(Short text fragments from websites)
----

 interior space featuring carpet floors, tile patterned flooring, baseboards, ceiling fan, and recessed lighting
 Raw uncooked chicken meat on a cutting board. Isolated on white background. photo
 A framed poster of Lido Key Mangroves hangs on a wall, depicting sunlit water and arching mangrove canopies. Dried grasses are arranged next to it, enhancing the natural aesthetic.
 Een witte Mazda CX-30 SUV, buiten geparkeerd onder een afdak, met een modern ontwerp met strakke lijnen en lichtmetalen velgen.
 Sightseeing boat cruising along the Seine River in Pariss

----

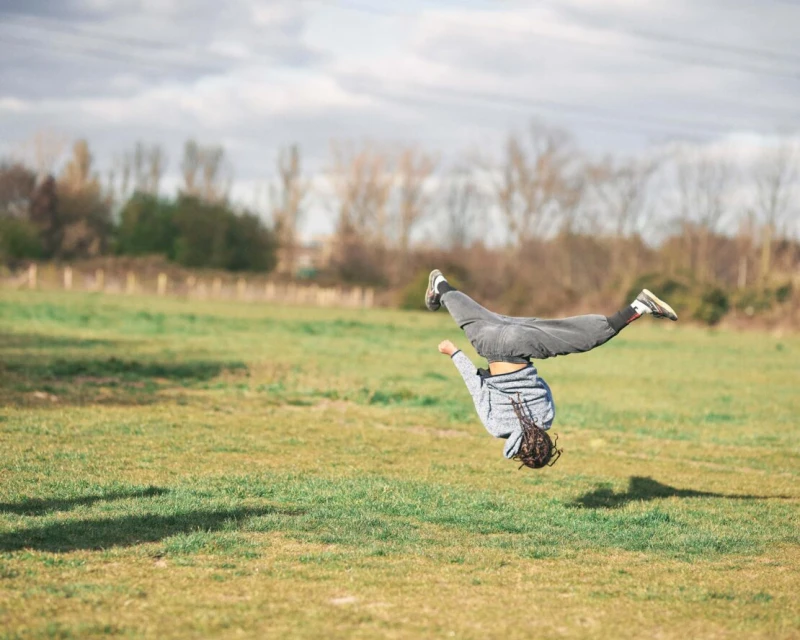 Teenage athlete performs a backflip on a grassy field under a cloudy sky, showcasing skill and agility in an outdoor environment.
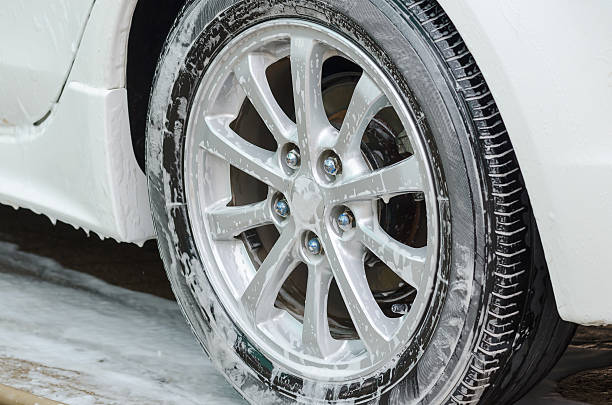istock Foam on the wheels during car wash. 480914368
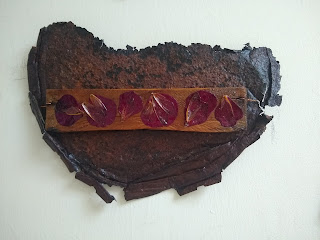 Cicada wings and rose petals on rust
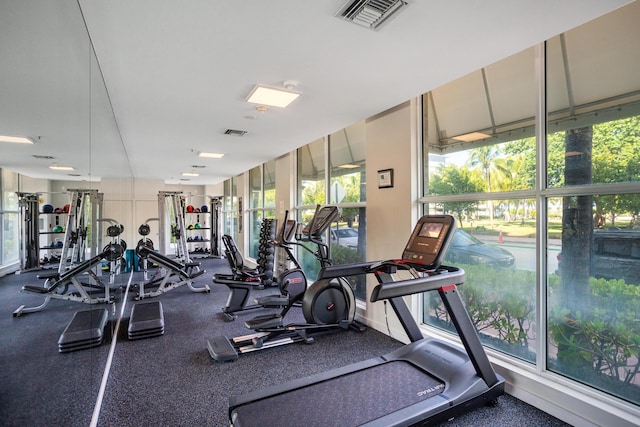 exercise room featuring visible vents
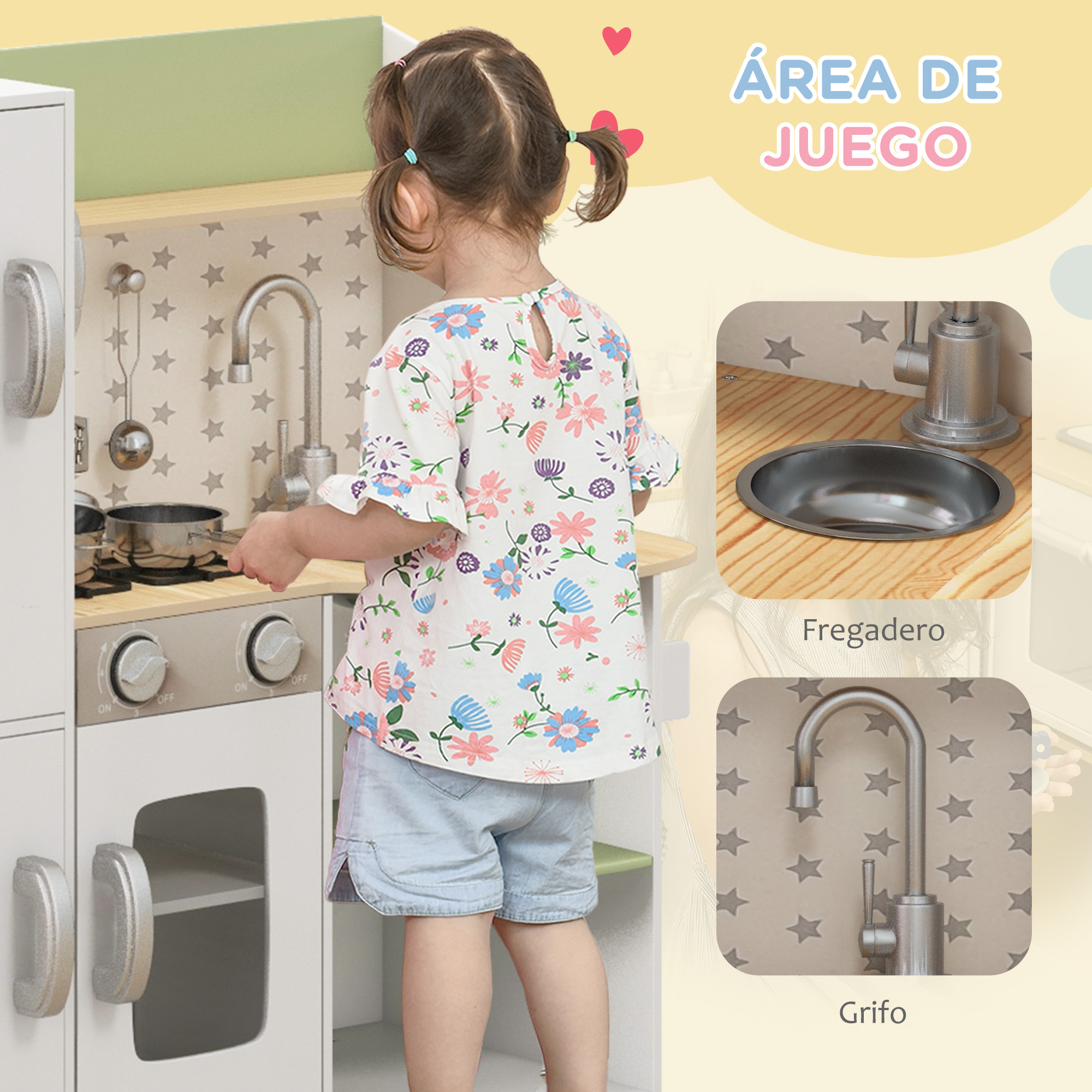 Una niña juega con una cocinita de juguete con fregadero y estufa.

----

Exercise aim:
Write out exactly the lines above between the line with "interior space featuring" and the line with "Sightseeing boat cruising", inclusive, and nothing beyond them.

Task solution:
 interior space featuring carpet floors, tile patterned flooring, baseboards, ceiling fan, and recessed lighting
 Raw uncooked chicken meat on a cutting board. Isolated on white background. photo
 A framed poster of Lido Key Mangroves hangs on a wall, depicting sunlit water and arching mangrove canopies. Dried grasses are arranged next to it, enhancing the natural aesthetic.
 Een witte Mazda CX-30 SUV, buiten geparkeerd onder een afdak, met een modern ontwerp met strakke lijnen en lichtmetalen velgen.
 Sightseeing boat cruising along the Seine River in Pariss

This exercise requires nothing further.